Various Artists: Lookout! Freakout Episode 2

Various Artists
Lookout! Freakout Episode 2
Lookout!
2001-10-28

When Green Day found themselves flung from the status of lowly musicians to that of music biz celebrities, it was Berkeley’s Lookout! Records that provided the catapult. Catchy but punky, uninnovative but memorable, 1994’s major label mega-hit Dookie followed in the wake of two albums released on the East Bay’s most influential imprint. The punk-pop scene nurtured by Lookout! and the communal performance space 924 Gilman Street was in a fine position to take advantage of Nirvana’s commercial breakthrough, and bands like Green Day and Rancid did just that. (The various pitched battles that these moves precipitated, fought over credibility, accountability, and “selling-out”, are another story.) Half a decade on, and with a huge A to Z (American Steel to Zero Boys, if you must know) roster of bands, Lookout! continues its mission of providing the masses with crunchy but sweet doses of punk-pop frenzy.

For those looking for a place to start, this 26-song sampler (six of which are previously unreleased) is ideal. Freakout Episode 2 follows on 2000’s first volume with some of the same bands and nary a change in aesthetic. Lookout!’s physical expression is the pogo rather than the slam dance, and Episode 2 unleashes plenty of opportunities to jump up and down. American Steel’s “Turn It Out” opens the album with a Fugazi-esque guitar line mated to a Sleater-Kinney-like chorus. Like much of this collection, it’s enjoyable without being entirely original. The ’70s metallic crunch of the Donnas — no longer jailbait but just as nasty — is represented with “Do You Wanna Hit It?” from their recent album Turn 21. One of Lookout!’s best known bands, the four young women from Palo Alto root themselves firmly in the bad-girl-group tradition of the Runaways, but their current position echoes no one so much as Britney, a star of similar age who’s also attempting to grow up without losing her youthful, huh-hmm, allure.

The reformed Bratmobile play “90’s Nomad” like the reductive “rrriot grrrl” media frenzy never happened.

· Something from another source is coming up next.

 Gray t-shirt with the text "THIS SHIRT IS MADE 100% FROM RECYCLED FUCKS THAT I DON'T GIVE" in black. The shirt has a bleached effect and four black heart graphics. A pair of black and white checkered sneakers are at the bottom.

Bis is the odd-band-out here, and although the bubbly techno-disco of “Dead Wrestlers” isn’t fantastic (too stuck in the mid-’80s), it does provide a brief, early respite from the guitar-drum-bass onslaught. (It also gets lambasted on the label’s Web site — see below — and what’s more punk than that?) The always enjoyable Screeching Weasel turn in another short and fast winner about the “cute-but-not-too-cute” “Pauline”; up-and-comers Alkaline Trio slow things down, briefly, on “Hell Yes”. Rounded out with Bay Area heroes the Mr. T Experience (with an appropriate ode to the Ramones), the Queers, Yesterday’s Kids, and a clutch of others, Episode 2 offers a more than sufficient collection of jaggedly melodic, three minute bursts.

But why trust me? An over-30 suburbanite is not exactly the target demographic here. Lookout!’s enthralling Web site features album reviews from the record buying public itself. You’ll never find a more personal, if grammatically questionable, assessment. “JoeySadistic” has this to say: “Dude, don’t fucking buy this. Buy Lookout! Freekout one, but save your fucking money. This CD really sucks. What the fuck is with bis, they are like, fucking techno, not punk. I could write volumes on the horridness of this record, but I’m too fucking lazy. In short, dont fuckin buy it.” If that alone isn’t reason enough to run out and buy, “jacklany” gives Freakout Episode 2 a more representative, 5 star preview: “Even better than episode 1 (if this possible)! The physical proof that Lookout! bands just keep evolving and making music that gets better and better. All songs brilliant. My 2002 resolution is to by a record of every single band on this comp (even tough I own a lot of em already). Keep support the scene!” Indeed.